*REQUIREMENT*.
Below are the records; copy exactly the stretch from the line containing "Mini Yankeski 4.5 Mını Pılıer (K0) 1" through the line containing "- Greenconnect Apple", both ends included, and nothing else.

*DATA*.
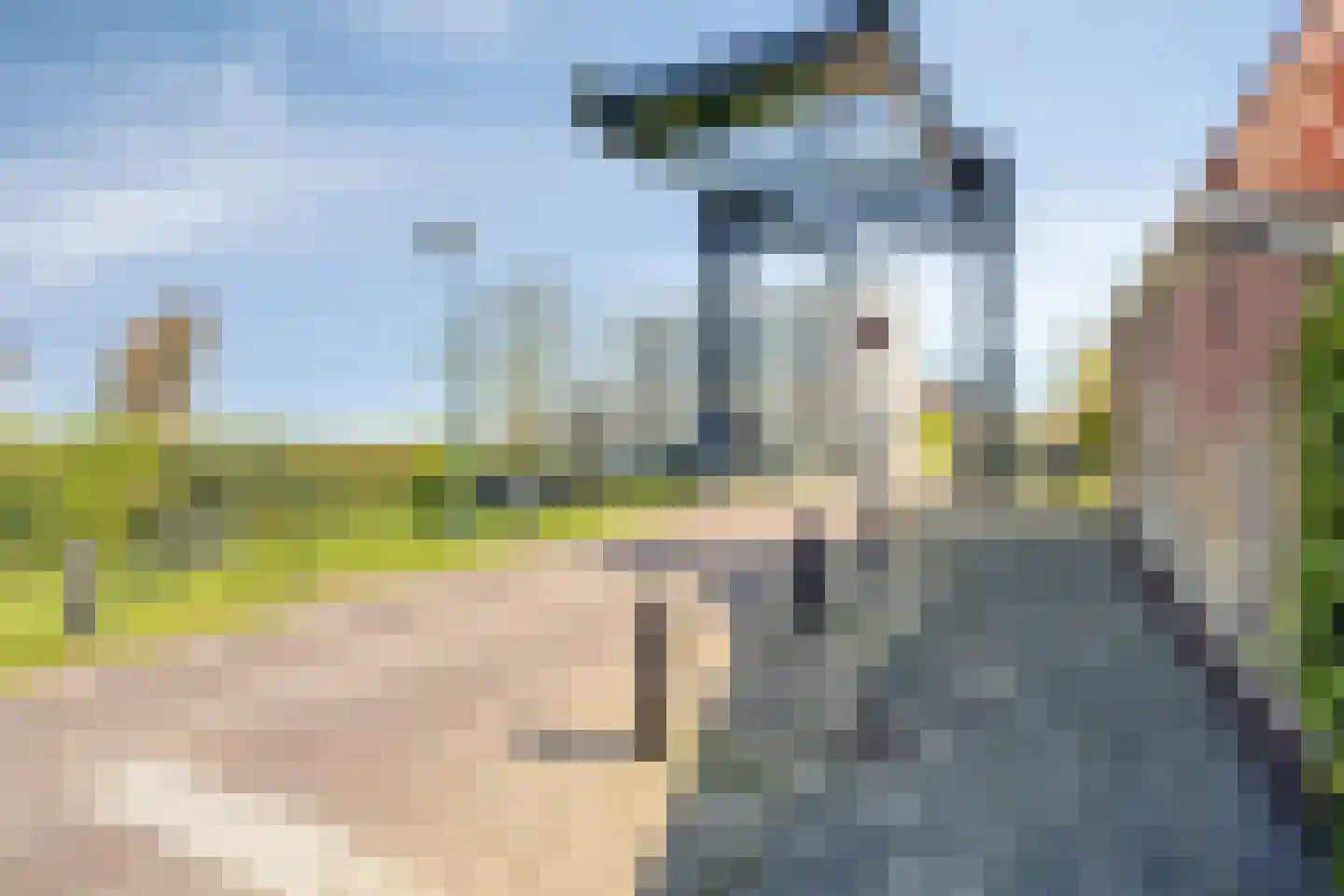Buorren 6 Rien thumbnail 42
---
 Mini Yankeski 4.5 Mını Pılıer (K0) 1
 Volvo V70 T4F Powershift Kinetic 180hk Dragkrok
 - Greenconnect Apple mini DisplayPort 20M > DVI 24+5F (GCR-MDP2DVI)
---
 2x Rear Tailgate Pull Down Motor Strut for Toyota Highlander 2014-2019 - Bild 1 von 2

*OUTPUT OF THE EXERCISE*.
 Mini Yankeski 4.5 Mını Pılıer (K0) 1
 Volvo V70 T4F Powershift Kinetic 180hk Dragkrok
 - Greenconnect Apple mini DisplayPort 20M > DVI 24+5F (GCR-MDP2DVI)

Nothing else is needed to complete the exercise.